I call it a "threefold capacity" because there is no knowing without willing and experiencing. No experiencing without knowing and willing. No willing without knowing and experiencing. In other words, the capacity is one indivisible whole, but for convenience we can identify three sides to it. There is a side of knowing. There is a side of willing. And a side of experiencing.

So from this it should be obvious that the mind as such is not any of the specific mental states, individually or in any combination.

So why don't I call it "consciousness" like some others? That's because we have a concept of subconsciousness, and there is even a concept of superconsciousness. Both sub- and super- are outside the range of customary awareness, but sub- is kind of dumb and it's best at following orders, whereas super- is more intelligent than your customary level of intelligence and is omniscient.

So because consciousness is bracketed by super- and sub- I find it best not to take consciousness as the ultimate ground. Instead I take mind as the ultimate ground. This avoids a mistake of taking the most obvious level of appearance as something ultimate. And this is consistent with a subjective idealist position of anti-realism, which is an idea that how things appear is not how they are. Another way to say this is that appearances are suggestive rather than informative. Appearances are subjective. They pertain to a certain commitment, to a certain manner of dreaming, and are not indications of anything "out there."

Also, knowledge with the most experience-defining power is tacit knowledge. The strongest and most influential knowledge is outside the customary range of consciousness, so drawing people's attention to consciousness will be bad form for the weird way. If you're going to want to play with your experience at the most profound level you will need to become reacquainted with the deepest and most implicit forms of knowledge. You'll have to make conscious what formerly was sub- and super- conscious so that you understand what's going on and why it's going that way. Once you understand it, you have the power to change it. You cannot change something you don't understand. If you don't understand yourself, you cannot change yourself. If you don't understand the world-appearance, you cannot manipulate it. You cannot manipulate a black box.

Or put another way, you're already always manipulating everything, but because of the narrowing of consciousness and because of being obsessive about certain narratives (primarily physicalism, but not limited to that), you lose awareness of the options that you still have and it then feels like things are beyond your control. In fact getting things to feel as though they are outside your control is one kind of magick in and of itself.

So then what is knowledge? What's the difference between thinking and knowing or believing and knowing?

Knowledge is an assertion you're willing to stand on without hesitation and without wavering. Because such assertions are ultimately not grounded in anything other than your own commitment to them, they're in a sense insane (depending on how we define insanity). So all knowledge, as my friend Aesir puts it can be regarded as a form of insanity:

If we start with the conventional idea that having confidence in a belief without justification is irrational and insane, then all beliefs, all possible perspectives, are insane. There are no objective, perspectiveless perspectives. All belief systems are fundamentally irrational and baseless. Because you must adopt some perspective to live, consider your present mode of insanity. Understand it, and find the ungrounded assumptions which guide your life. Is this the insanity you desire over all other possible insanities? Is your subjective reality working the way you want?

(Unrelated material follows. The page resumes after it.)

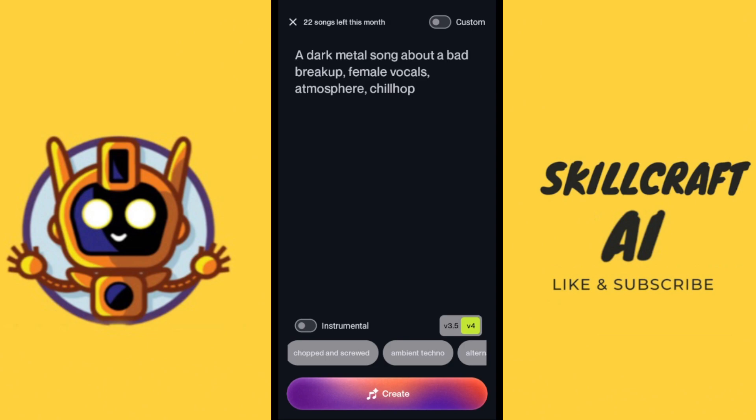We have the instrumental toggle here at the bottom, and if we tap that then that's going to tell Suno whether or not we want lyrics in our song. So let's go ahead and hit create here.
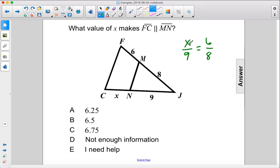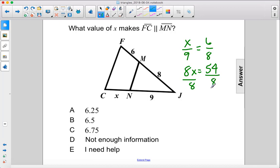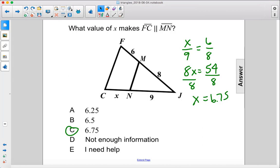Do some cross multiplying. 8X equals 54, which is 6 times 9. Divide both sides by 8 and we get X equals 6.75. The answer is C.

I am pretty fond of this paragraph.

So thinking is the most volatile mental activity, and believing is when some ideas begin to gain prominence in your mind as your commitment deepens. Beliefs affect behaviors and major life choices. And the strongest and most implicit form of commitment is knowledge. Compare "I believe the sun will rise tomorrow" to "I know the sun will rise tomorrow."

Probably most knowledge of the kind we'd be interested investigating is something habituated and tacit because once you refuse to waver on an assertion and begin living with it, it becomes more and more automatic, and once it becomes fully automatic it slides away from your consciousness, you don't notice it anymore per se, unless you remain vigilant. But when potential knowledge drops down to its tacit form and becomes actual lived knowledge, it's the most powerful! So for example, how much do you doubt that the sun will rise tomorrow? How often do you think about the sun rising tomorrow? I bet zero times on most days? Probably zero times in any given decade? If you ever doubted such a thing, it's probably just now. But probably not even now. Probably even me asking the question about the sun maybe not rising tomorrow is not enough to stir genuine doubt. This is the power of knowledge. You know the sun will rise tomorrow. That's the power of your subjectivity!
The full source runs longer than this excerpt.